Both teams know this. The extra $80 million per year the Yanks spend on payroll is how they act on it. Brian Cashman has built more redundancy into New York's roster than Theo Epstein is willing or able to put into Boston's. This has allowed the Yankees to survive serious swoons by two of their remaining healthy stars.

To be blunt, Randy Johnson and Alex Rodriguez are almost as responsible for the AL East remaining close as are Jonathan Papelbon and David Ortiz. Take this simple quiz. Instert Curt Schilling's 14-4 record into Johnson's 11-9 mark as New York's supposed ace. Now replace cleanup hitter A-Rod's production (.278, 23 homers, 78 RBI) with Boston cleanup hitter Manny Ramirerz's .318, 31, 89 figures. Presto, the Yanks have a minimum 7-game lead over the Sox.

Any number of Yanks or Sox could get hurt, struggle, or come out of slumps in the next 50 games.
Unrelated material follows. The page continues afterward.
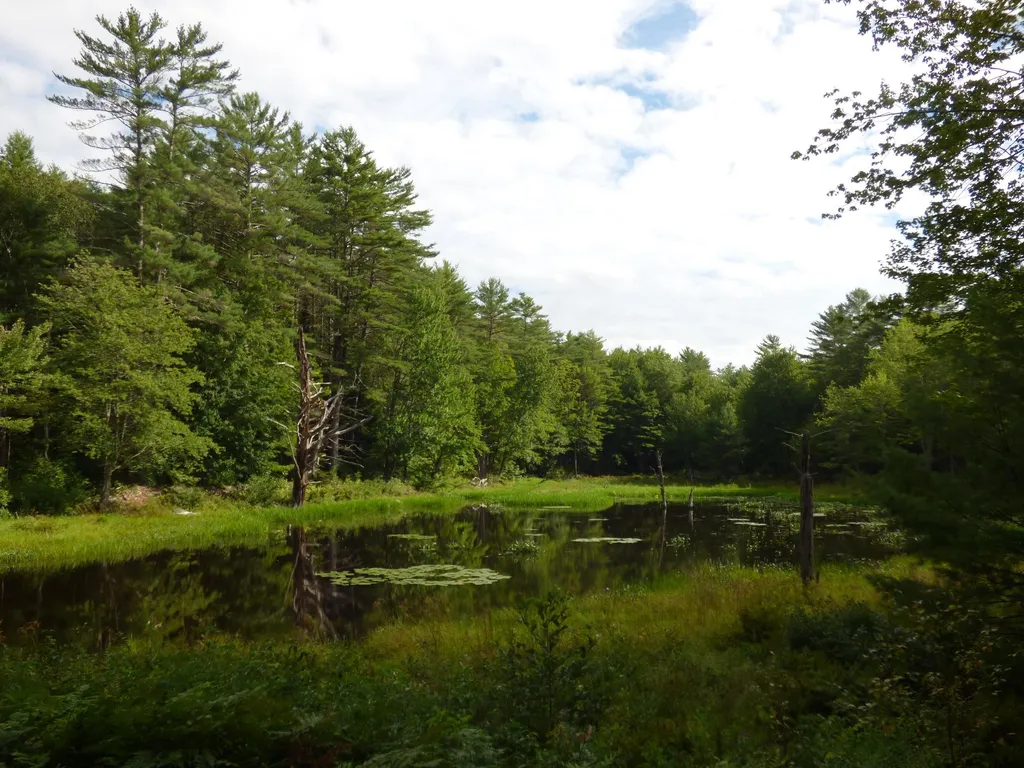 24 Chase Road Meredith NH 03253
But when two teams have been essentially tied for 3 2/3 seasons, odds are that's how they'll finish up the final third of this one, too. (Were I a Sox fan, my main worry would be the fact that despite Ortiz's heroics and Manny's steady slugging, Boston has hit only eight more homers than it's allowed 144-136).

Since baseball, like diplomacy, exists in a multi-polar universe, odds are that just in Lebanon, the Boston-New York war of attrition will be of most benefit to other interested powers who've kept aloof from the shooting.